What does an Information Analyst do?
An information analyst is responsible for the operation of reporting and analysis software, creating summaries and keeping management informed of trends. Candidates for this position typically have a university or college degree in math, statistics, information technology systems, or business. This type of analyst can find employment opportunities in large companies, reporting software companies, and compliance boards or associations.
People who enjoy working with technology, are focused on details, and can work as a team member report the greatest satisfaction in this role. An information or data analyst must work as part of a team, following the same protocols and processes so that results can be replicated. The role of information analyst is critical to determining the long-term direction of the company and identifying short-term issues that need to be immediately addressed.
The primary role of the information analyst is to run reports and conduct analysis. Within the role of information analyst, some people specialize on a specific type of information. For example, a product development company information analyst might focus on new product development and launch. He or she would gather, evaluate, and track information from a range of sources and use this data to provide an analysis of the areas of strength or weakness in the current strategy. In addition, the analyst can suggest other methods that might be more successful, based on the data.
There is a range of software programs specifically designed for use by information analysts. These programs are often quite complex, requiring specialized skills and training to use properly. Statistical analysis software is also utilized to identify trends and patterns within the data.

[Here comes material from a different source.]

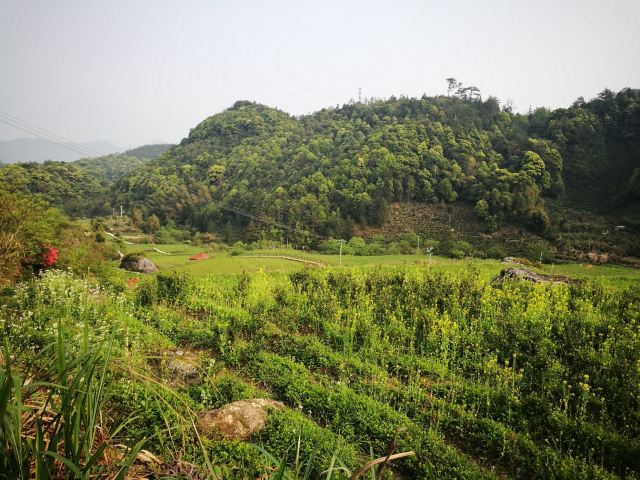 中国富硒第一村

Keeping up to date on this technology is essential in this role.
Upon completion of the analysis, a written report is provided to management. This report typically includes an executive summary, highlighting the top issues or patterns that require attention, followed by a detailed report. The actual data used to create the report is often attached, along with documentation of the processes used. It is essential that the results can be replicated, as it validates the data and the analysis. In turn, the conclusions can be evaluated for merit, based on accurate information.
Career advancement in this field typically requires further education in advanced math, statistic, or data management. A career as an information analyst requires dedication to continuing education. The technology and accepted methodologies are constantly changing, and it is necessary to invest time and effort to stay current.
@sortawise: Join the Air Force. I have a couple of clients who were in Information systems and they are well qualified for a lot of this type of position.
@sortawise-You would be surprised at how many people are qualified for certain types of analyst jobs. Anyone who has a deep and specialized knowledge of something whether it be baseball, or comic books, or Israel, or wheat prices, can potentially offer information analysis services to someone. Analyst careers can be hard to find, and many do take a significant amount of education and experience. Still, an intrepid information analyst might be able to find more clients than they realized
So how exactly do you become an information analyst? It sounds to me like an information analyst job is something that requires education and an apprenticeship, at the very least.
I'm really interested in this field, but I'm still in high school, so I have a while to go before I could work in this field, but if anybody could give me some good information about the type of training I would need, I'd really appreciate it.